→ **How to complete this task**
The expected result is an exact restatement of the data, free of pictures.

Dataset entries:
# # # # #

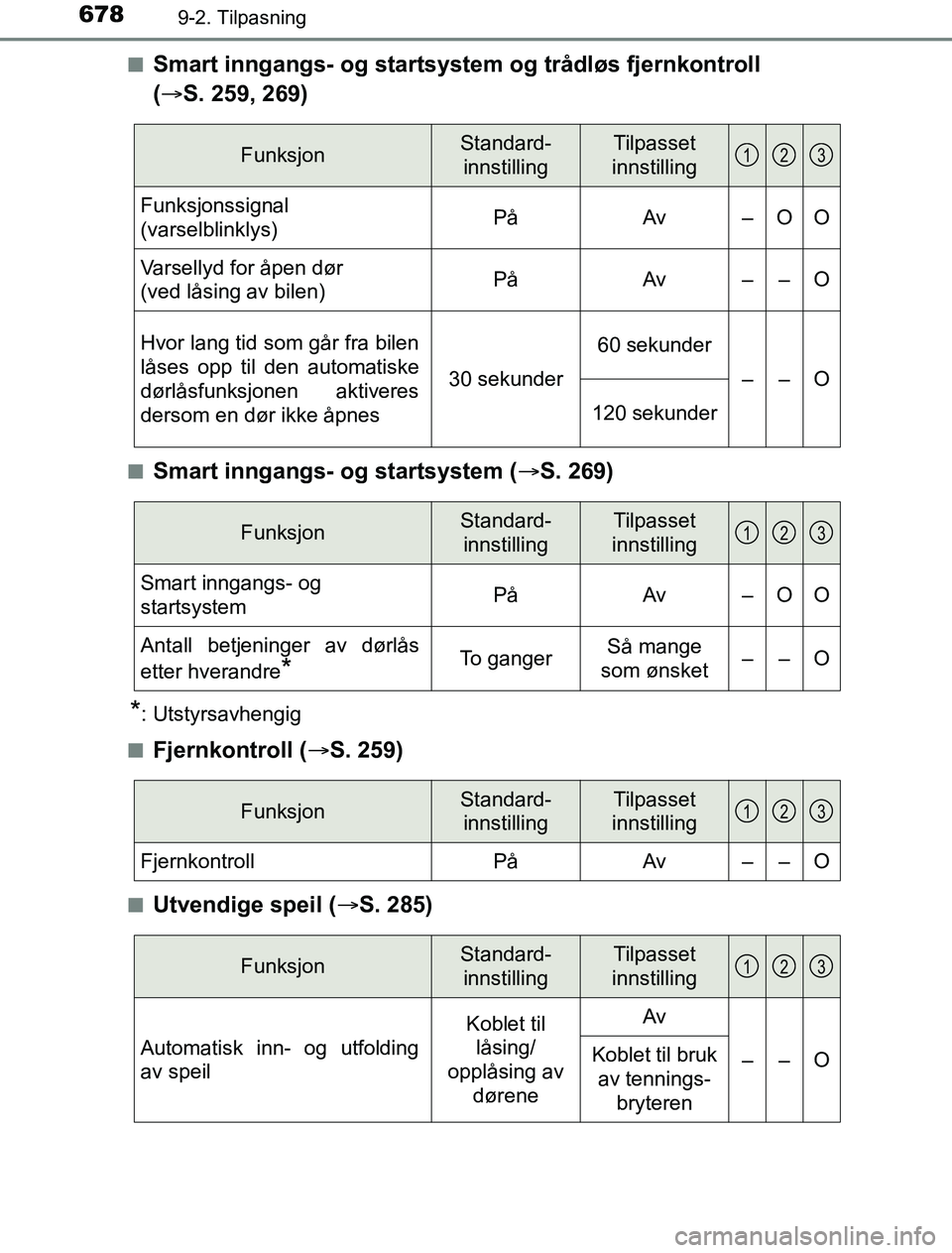 TOYOTA PRIUS PLUG-IN HYBRID 2016 Instruksjoner for bruk (in Norwegian) 6789-2. Tilpasning
OM47A89NOn
Smart inngangs- og startsystem og trådløs fjernkontroll
(
S. 259, 269)
nSmart inngangs- og startsystem (S. 269)
*: Utstyrsavhengig
n
Fjernkontroll ( S. 259)
TOYOTA PRIUS PLUG-IN HYBRID 2016 Instruksjoner for bruk (in Norwegian) 6789-2. Tilpasning
OM47A89NOn
Smart inngangs- og startsystem og trådløs fjernkontroll
(
S. 259, 269)
nSmart inngangs- og startsystem (S. 269)
*: Utstyrsavhengig
n
Fjernkontroll ( S. 259)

# # # # #

→ **Your response**
 TOYOTA PRIUS PLUG-IN HYBRID 2016 Instruksjoner for bruk (in Norwegian) 6789-2. Tilpasning
OM47A89NOn
Smart inngangs- og startsystem og trådløs fjernkontroll
(
S. 259, 269)
nSmart inngangs- og startsystem (S. 269)
*: Utstyrsavhengig
n
Fjernkontroll ( S. 259)
TOYOTA PRIUS PLUG-IN HYBRID 2016 Instruksjoner for bruk (in Norwegian) 6789-2. Tilpasning
OM47A89NOn
Smart inngangs- og startsystem og trådløs fjernkontroll
(
S. 259, 269)
nSmart inngangs- og startsystem (S. 269)
*: Utstyrsavhengig
n
Fjernkontroll ( S. 259)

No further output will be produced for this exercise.